═══ Data shown ═══

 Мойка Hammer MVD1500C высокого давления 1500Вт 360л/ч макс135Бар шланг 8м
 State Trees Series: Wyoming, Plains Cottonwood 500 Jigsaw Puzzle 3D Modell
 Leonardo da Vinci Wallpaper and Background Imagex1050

═══
═══ Data shown ═══

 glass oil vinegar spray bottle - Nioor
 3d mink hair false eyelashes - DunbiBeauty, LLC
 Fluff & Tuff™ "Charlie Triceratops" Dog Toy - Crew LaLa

═══

Of the lines above, output exactly those from the line bearing "glass oil vinegar spray bottle - Nioor" through the line bearing "Fluff & Tuff™", inclusive.

> **Problem solution**:
 glass oil vinegar spray bottle - Nioor
 3d mink hair false eyelashes - DunbiBeauty, LLC
 Fluff & Tuff™ "Charlie Triceratops" Dog Toy - Crew LaLa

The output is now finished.